The 70-300 will work, but the 10-24 I think is an EF-S mount which will not.  Not sure on the flash.


----------



## Big Mike (Sep 26, 2011)

Welcome to the forum.  

Your Tamron 10-24mm is a Di-II lens, which is Tamron's way of saying that it's only meant to work with digital SLR camera with an APS-C sized sensor (crop sensor).  So even though you could put that lens onto your Canon film SLR, you would get a circle in the middle of the frame, with black corners (vignetting).    The 70-300mm should work with no problems, although it won't 'feel' as long on the film camera.

Overall, any canon EF lens, will work on any EOS camera.  The thing to watch out for, is that EF-*S* lenses (like Tamron Di-II) are only truly compatible with APS-S digital cameras (all the Rebels, XX bodies and the 7D).  They are not really compatible with 35mm film SLRs or full frame digital cameras like the 5D.  

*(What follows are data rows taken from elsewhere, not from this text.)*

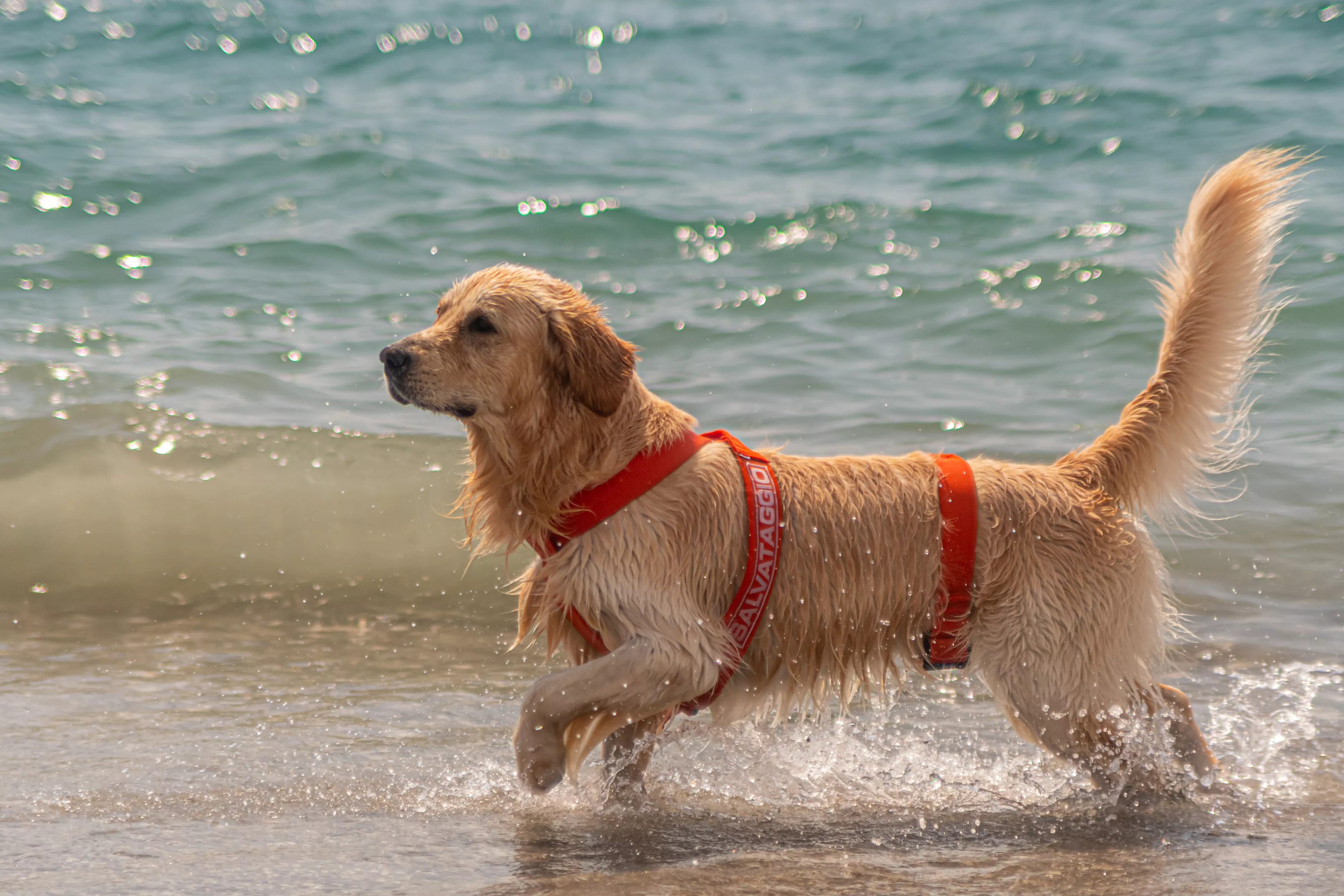 Lifeguard Golden Retrievers Save Lives of 5 Boys Trapped in Rip Current - Vimarsana News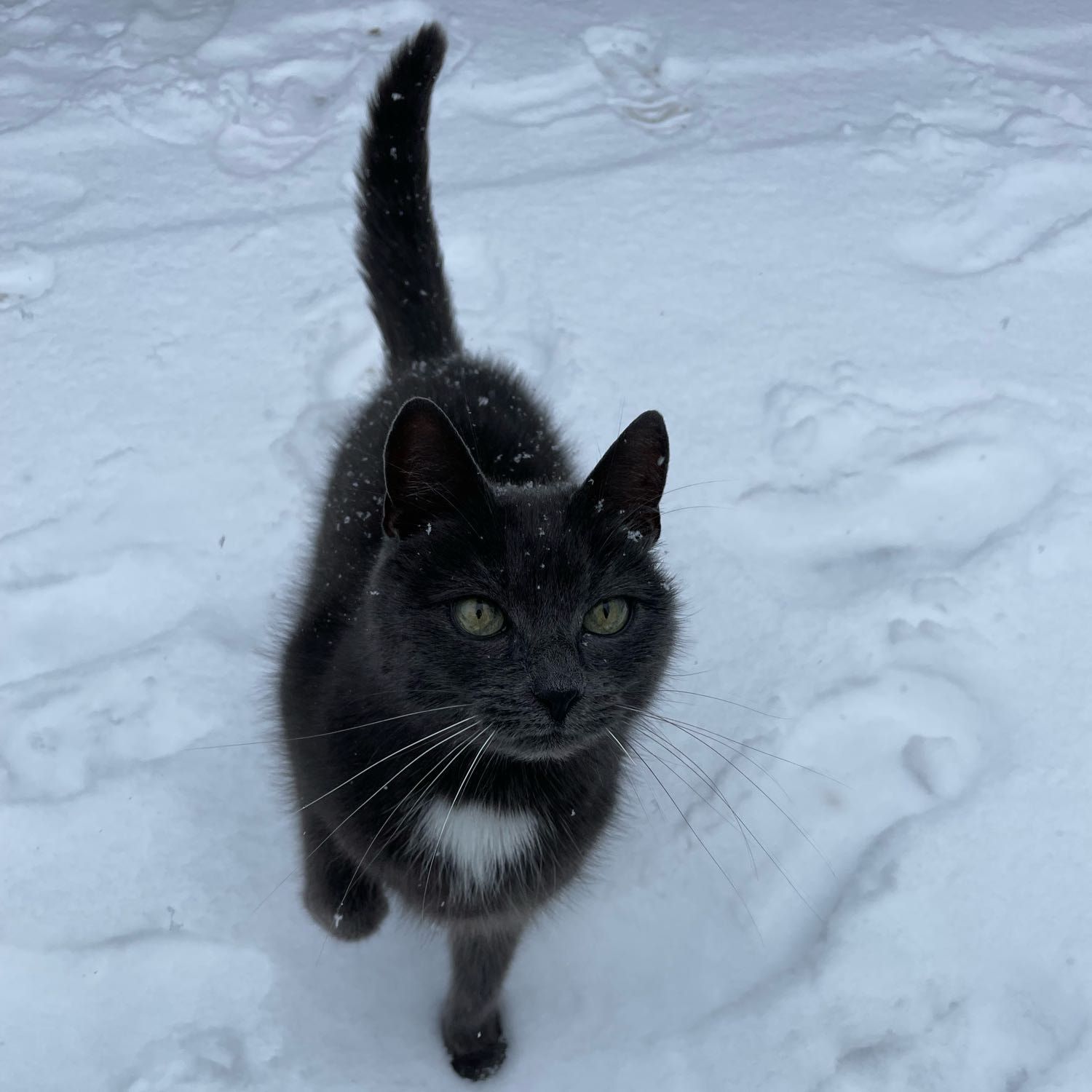 Poes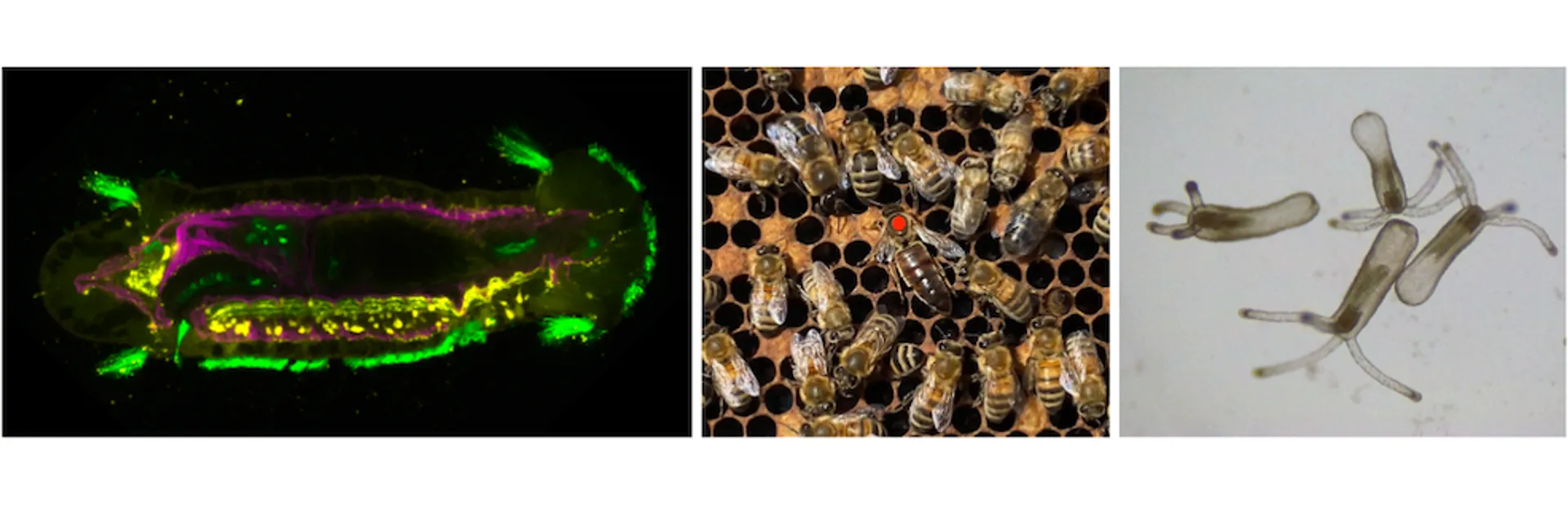 Images of a capitella larva, bees and cnidarians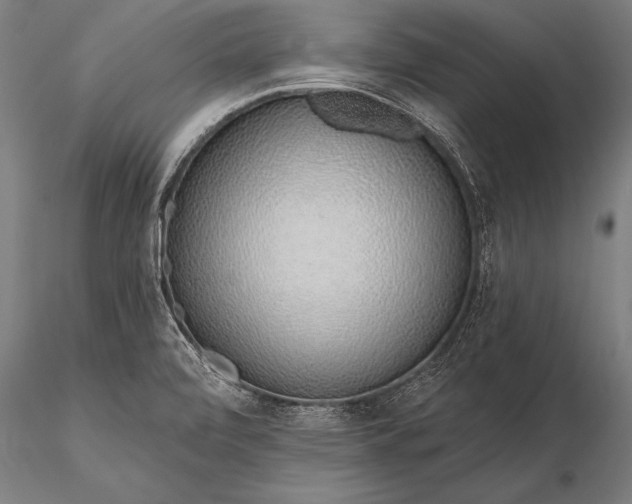 X0000116111472200912071311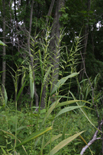 bottlebrush grass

As for the flash, it's hard to say.  As far as I understand, the old Canon film cameras aren't rated as high for flash sync voltage, as the new digital cameras.  To really know if it's save to use the flash on that film camera, you would have to look up (or measure) the flash trigger voltage.  You would also have to look up the rated max voltage for that camera...which might be as low as 6 volts (your 1000D is probably good up to 250 volts.)

You could buy something like a Wein 'Safe Sync' to protect the camera from the flash, or you could get a wireless flash trigger.


----------



## Big Mike (Sep 26, 2011)

bentcountershaft said:


> The 70-300 will work, but the 10-24 I think is an EF-S mount which will not.  Not sure on the flash.


Other lens companies don't use Canon's EF-S mount, which would physically prevent the lens from attaching to the camera.  But as I mentioned, they are designed to work only will the digital bodies.  They can be mounted and used, but there will be serious vignetting.


----------